One of the nice things about InfluxDB + Grafana is that it is easy to add events to a graph. These are called annotations. They could be anything - e.g. a link state change, or maybe a production code deployment notification. Here I’ve stored my events in InfluxDB, but you could pull them from somewhere else - e.g. Elasticsearch. Ideal if you have your syslogs going into an ELK stack.

For this example I want to add annotations when I start & stop watching a TV show on Netflix. This should show up in my traffic stats.

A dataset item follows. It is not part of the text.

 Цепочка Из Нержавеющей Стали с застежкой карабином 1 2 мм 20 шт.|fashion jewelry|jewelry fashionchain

Go to Dashboard settings -> Annotations. Click “+New” and call it “Netflix.” Make sure the Datasource is set to “events.” The query should be: SELECT * FROM "alert" WHERE $timeFilter  and for the Column mappings, set Title to “show”, and Text to “text.” Close the Annotations box.

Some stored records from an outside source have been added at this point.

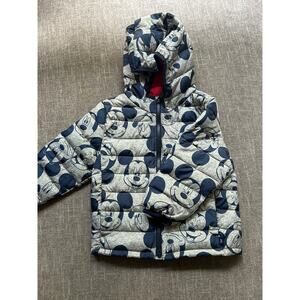 Baby GAP Disney Mickey Mouse Puffer Coat Size 2T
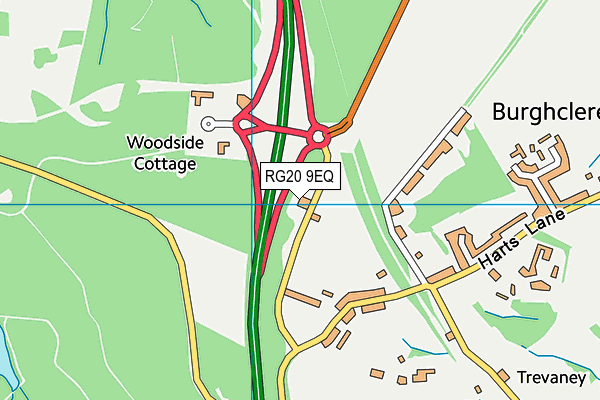 RG20 9EQ map - OS VectorMap District (Ordnance Survey) RG20 9EQ map - OS VectorMap District (Ordnance Survey)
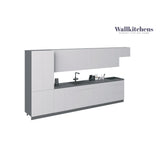 Kitchen Imperial Collection White Gloss Color Base Size 15Ft Wide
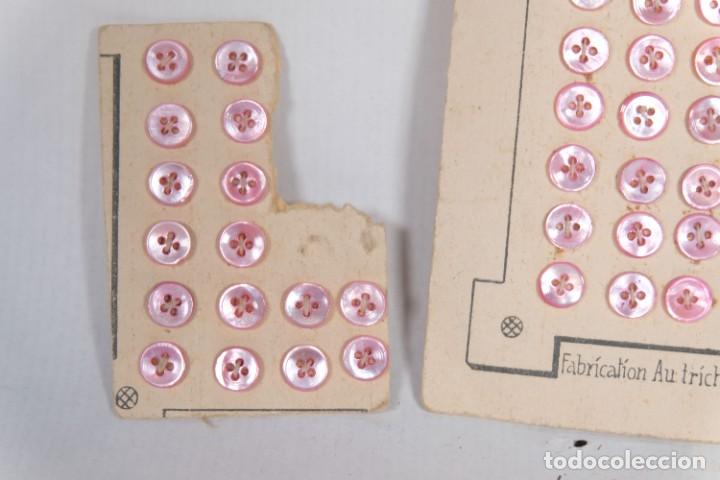 Vintage: Botones en rosa - 6 mm - Foto 4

Go to the CLI, and manually stuff in some events:

1
2
3
4
5
6
7
8
9
10
11
12
13
lhill@grafana:~$ curl -i -XPOST 'http://localhost:8086/write?db=events' --data-binary 'alert,host=srx,show=Spartacus text="Started watching Netflix" 1445475780000000000'
HTTP/1.1 204 No Content
Request-Id: 9d7642cc-7ba3-11e5-81d9-000000000000
X-Influxdb-Version: 0.9.5-nightly-9633410
Date: Mon, 26 Oct 2015 05:37:15 GMT

lhill@grafana:~$ curl -i -XPOST 'http://localhost:8086/write?db=events' --data-binary 'alert,host=srx,show=Spartacus text="Finished watching Netflix" 1445477318374301617'
HTTP/1.1 204 No Content
Request-Id: b6419d5f-7ba3-11e5-81de-000000000000
X-Influxdb-Version: 0.9.5-nightly-9633410
Date: Mon, 26 Oct 2015 05:37:57 GMT

lhill@grafana:~$

Now we get annotations on our graph. Hover over them, and the tool-tip displays some more info:

annotations_graph

One small niggle is that you can’t disable annotations on a per-graph basis, only on a  per-dashboard basis. Still, it’s very handy.

Future improvements

Obviously there’s a lot that could be improved upon here:

  • Sort out the SNMP data capture - either package up influxsnmp properly, or (preferred answer): write a plugin for Telegraf.
  • Write Ansible + Vagrant config to package up the above
  • Even better: Do it with Docker, based upon Brent’s work.
  • Add more network data sources - e.g. system-level stats, or NOS data collected via API.

The point is that it’s a flexible framework, and it doesn’t need to just be network stats. It gets much more interesting once you start adding in other data sources.